### Assigned task
Only the lines from the beginning of the entries through the one with "I hope you've" should be written out, please, exactly and without any pictures.

(Records contained in a dataset)
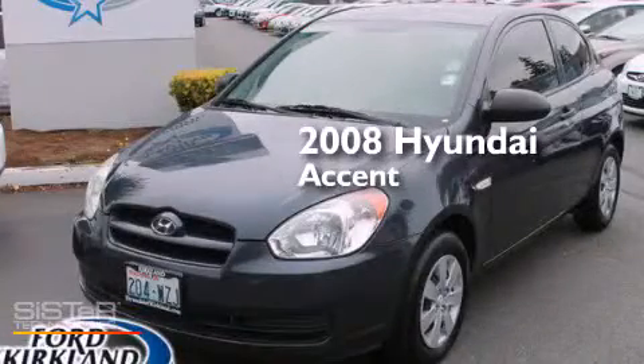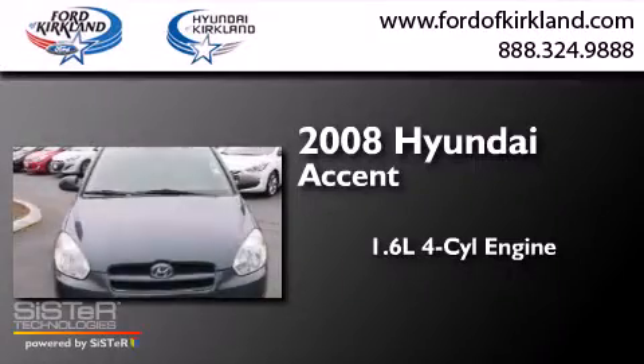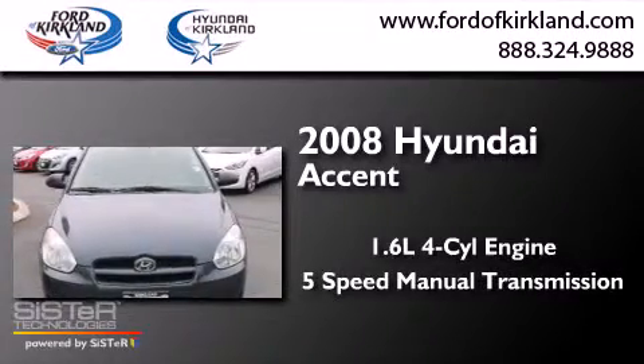This is a 2008 Hyundai Accent. It has a 1.6-liter 4-cylinder engine and a 5-speed manual transmission.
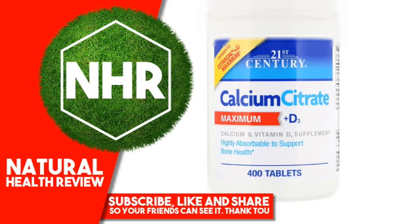21st Century Calcium Citrate Maximum Plus D3 — a product compared to Citra Cal Plus D Maximum. Calcium citrate is a highly absorbable form of calcium, an important mineral for supporting bone health. Calcium also works to support muscle and nerve function. Vitamin D3 is added to assist with calcium absorption and as support for healthy immune function.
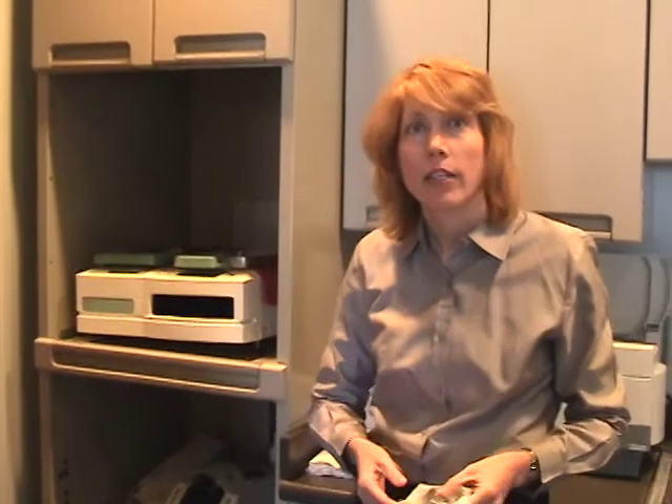I hope you've enjoyed learning a bit about sterilization and infection control in the dental office. I'm Dr. Helene Smith, thank you.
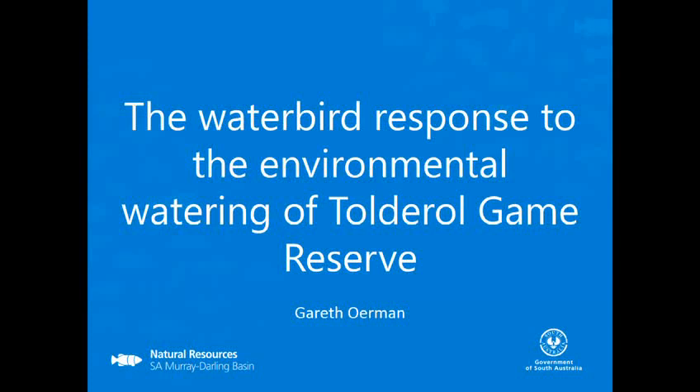Thank you. So as mentioned, I'm Gareth and I work for the Wetlands and Flood Plains team. Today my presentation will be on the Waterbird Response to Environmental Watering of Peltrol Gain Reserve.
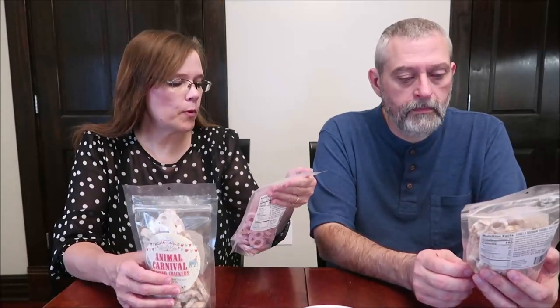Today, Kevin and I are going to be trying some Hayden Valley Foods delectables. I have the Animal Carnival Frosted Crackers, the Bubblegum Yogurt Pretzels, and I have the Vanilla Bourbon Yogurt Pretzels.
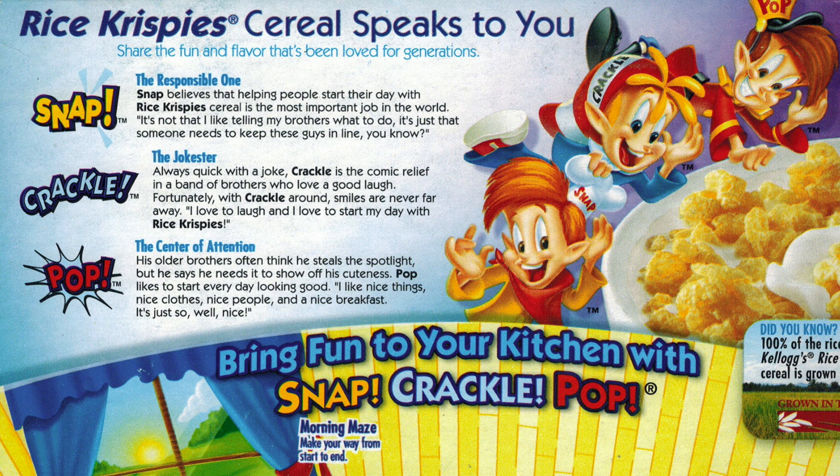The real gem on the back of this box is the descriptions of the three elves. I know I'm pretty well versed in cereal history and culture, but I gotta admit that even I didn't know the three elves had such distinct personalities. Apparently Snap is the responsible one, Crackle is the jokester, and Pop is evidently the youngest brother and the center of attention. I didn't know any of this — I guess you learn something new every day. So this cereal was chugging along for years just fine. It was great, consumers loved it, there was nothing wrong with it.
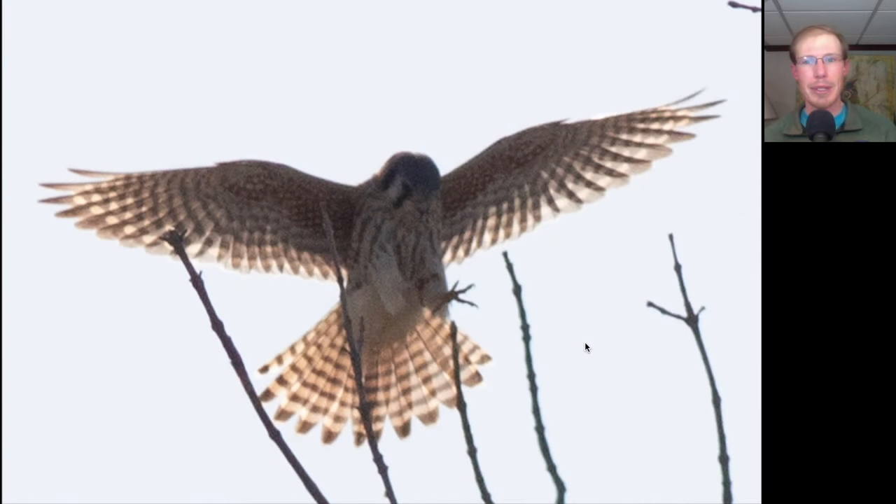Here we have a small raptor coming in to land. We see very pointed wings so we should be thinking falcon. It's overall light underneath so we should be thinking American Kestrel. And we see vertical brown streaking to the breast and a completely banded tail — that makes this a female American Kestrel.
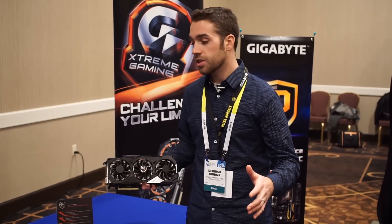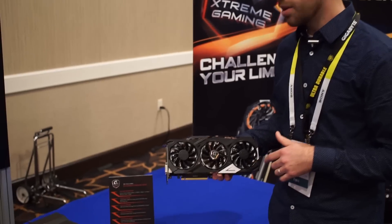CES 2016 — we are checking out the brand new Gigabyte line of GPUs, the Extreme Gaming line. This line is the new top tier; it replaces the G1 as their number one gaming card.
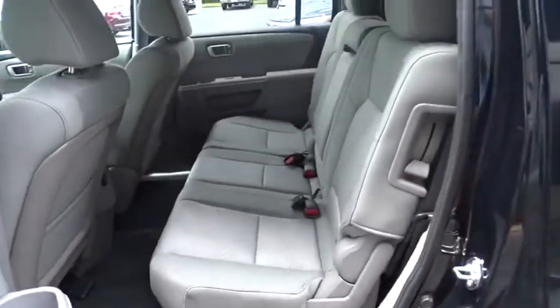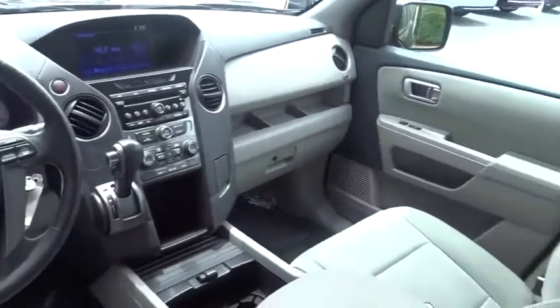Adjustable steering wheel. Power steering. Cruise control. Floor mats. Hard disc drive media storage. Four-wheel disc brakes. Rear defrost. Climate control.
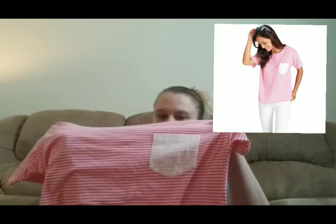This is a Vineyard Vines striped shirt with a white pocket in a size small. Some of this stuff won't bring a lot of money, but Vineyard Vines always sells — even if it's for $15, I'm still making money. Next is an American Eagle chambray button-down.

### Result of this exercise
This is a 2008 Hyundai Accent. It has a 1.6-liter 4-cylinder engine and a 5-speed manual transmission.
21st Century Calcium Citrate Maximum Plus D3 — a product compared to Citra Cal Plus D Maximum. Calcium citrate is a highly absorbable form of calcium, an important mineral for supporting bone health. Calcium also works to support muscle and nerve function. Vitamin D3 is added to assist with calcium absorption and as support for healthy immune function.
I hope you've enjoyed learning a bit about sterilization and infection control in the dental office. I'm Dr. Helene Smith, thank you.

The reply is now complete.